OSMFILE = "{}.osm".format(data_name)

# 1. Problems Encountered in the Map
# Tag Problems

With open crowd source data, for obvious reasons, there are some corrections that need to be made.  In this overview, I will describe the process I took to look through and clean the data once it was downloaded from OpenStreetMap.org.  The first step will be looking throught tag problems to point out just how errors fall within the data

**The problems are defined as follows:**
*   "lower" - for tags that contain only lowercase letters and are valid,
*   "upper" - for tags that contain upercase letters,
*   "lower_colon" - for otherwise valid tags with a colon in their names,
*   "uper_colon" - for tags contain both uppercase strings delimited by a colon,
*   "multiple_colons" - for tags contain more than two colon seperated strings,
*   "numbers" - for tags that contain a digit, and
*   "problemchars" - for tags with problematic characters
*   "other" - for other tags that do not fall into the other three categories.

In [2]:
import tags as tags_processor
tag_problems = tags_processor.process_map(OSMFILE)

print "The number of keys in each of the 'problem' categories:"
print tag_problems['counts']
unique_key_names = tags_processor.unique_tag_keys(OSMFILE)
print "There are {} unique tag key names in the data set.".format(len(unique_key_names))

The number of keys in each of the 'problem' categories:
{'problemchars': 0, 'upper': 572, 'lower': 303285, 'upper_colon': 457, 'numbers': 6908, 'multiple_colons': 218, 'lower_colon': 263107, 'other': 148}
There are 792 unique tag key names in the data set.


Zero "problemchars" and 148 in the "other" category is great!  This means that the data will flow into the other categories nicely without a hitch.  Lets move to the next step.

# Audit Street Names

In [3]:
import audit as street_name_auditor
street_name_auditor.audit(OSMFILE)

defaultdict(set,
            {'1': {'Spanish Ridge Ave., Suite 1'},
             '10': {'S. Valley View Blvd.
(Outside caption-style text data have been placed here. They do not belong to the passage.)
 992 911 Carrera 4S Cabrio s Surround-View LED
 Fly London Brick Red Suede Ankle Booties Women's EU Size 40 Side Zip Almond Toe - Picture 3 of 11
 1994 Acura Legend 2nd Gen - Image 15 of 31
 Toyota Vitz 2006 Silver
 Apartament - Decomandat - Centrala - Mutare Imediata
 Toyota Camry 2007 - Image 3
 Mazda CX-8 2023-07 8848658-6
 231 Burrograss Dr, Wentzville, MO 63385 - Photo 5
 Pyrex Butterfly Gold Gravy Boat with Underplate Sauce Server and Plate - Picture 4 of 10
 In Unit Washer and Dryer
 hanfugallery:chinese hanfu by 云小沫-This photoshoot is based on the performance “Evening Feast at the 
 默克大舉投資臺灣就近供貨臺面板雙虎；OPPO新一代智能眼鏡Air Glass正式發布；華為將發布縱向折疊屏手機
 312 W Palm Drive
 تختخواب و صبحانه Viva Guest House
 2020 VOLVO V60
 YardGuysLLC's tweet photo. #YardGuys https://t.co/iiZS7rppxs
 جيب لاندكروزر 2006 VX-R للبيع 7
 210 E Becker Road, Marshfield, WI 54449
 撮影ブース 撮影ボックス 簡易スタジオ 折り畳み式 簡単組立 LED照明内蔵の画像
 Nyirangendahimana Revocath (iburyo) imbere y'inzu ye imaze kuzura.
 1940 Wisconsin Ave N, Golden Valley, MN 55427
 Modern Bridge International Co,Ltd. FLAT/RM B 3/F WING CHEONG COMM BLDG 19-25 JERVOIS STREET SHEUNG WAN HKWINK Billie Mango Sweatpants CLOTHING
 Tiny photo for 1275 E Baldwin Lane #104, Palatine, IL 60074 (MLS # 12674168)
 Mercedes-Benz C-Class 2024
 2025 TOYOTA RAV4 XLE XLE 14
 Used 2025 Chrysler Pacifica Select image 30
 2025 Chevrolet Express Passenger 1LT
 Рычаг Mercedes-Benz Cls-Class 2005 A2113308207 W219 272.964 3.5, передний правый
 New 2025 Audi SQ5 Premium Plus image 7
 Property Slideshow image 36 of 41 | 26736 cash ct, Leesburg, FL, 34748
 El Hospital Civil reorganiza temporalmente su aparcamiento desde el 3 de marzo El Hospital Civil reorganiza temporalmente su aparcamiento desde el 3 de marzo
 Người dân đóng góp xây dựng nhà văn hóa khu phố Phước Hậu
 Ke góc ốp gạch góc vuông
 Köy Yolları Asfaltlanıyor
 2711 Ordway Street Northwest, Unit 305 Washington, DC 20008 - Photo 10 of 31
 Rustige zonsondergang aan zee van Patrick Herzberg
Ste 10'},
             '100': {'S Eastern Ave #100'},
             '103': {'South Pecos Road Suite 103'},
             '106': {'S Grand Canyon Dr #106'},
             '107': {'S Decatur Blvd #107'},
             '11': {'Chandler Ave #11'},
             '110': {'South Jones Boulevard Suite 110'},
             '115': {'North Hualapai Way #115'},
             '1170': {'Fremont Street Ste. 1170'},
             '120': {'E SILVERADO RANCH BLVD Suite 120',
              'Silverado Ranch Blvd #120'},
             '15': {'E Sahara Blvd #15'},
             '150': {'West Horizon Ridge Parkway, STE 150'},
             '16': {'Polaris Ave #16'},
             '170': {'Sky Pointe Dr #170'},
             '207': {'E Sahara Ave #207'},
             '275': {'Camino Al Norte #275'},
             '2D': {'Spring Mountain Rd #2D'},
             '3230': {'W Sahara Ave #3230'},
             '500': {'Ho

As you can see, there are some issues with the data above, there are a few ways that the audit function can pick up certain address data.  In the example above, the street name's are mostly correct.  Moving forward, correcting entries have been added to the JSON creation code below to correct any errors.  Next, I will move into checking the cuisine area, and if few errors are found, it is time to create a JSON file to import into MongoDB!

# Cuisine Check

In [4]:
import cuisine as cuisine_auditor
food_nodes = cuisine_auditor.audit(OSMFILE)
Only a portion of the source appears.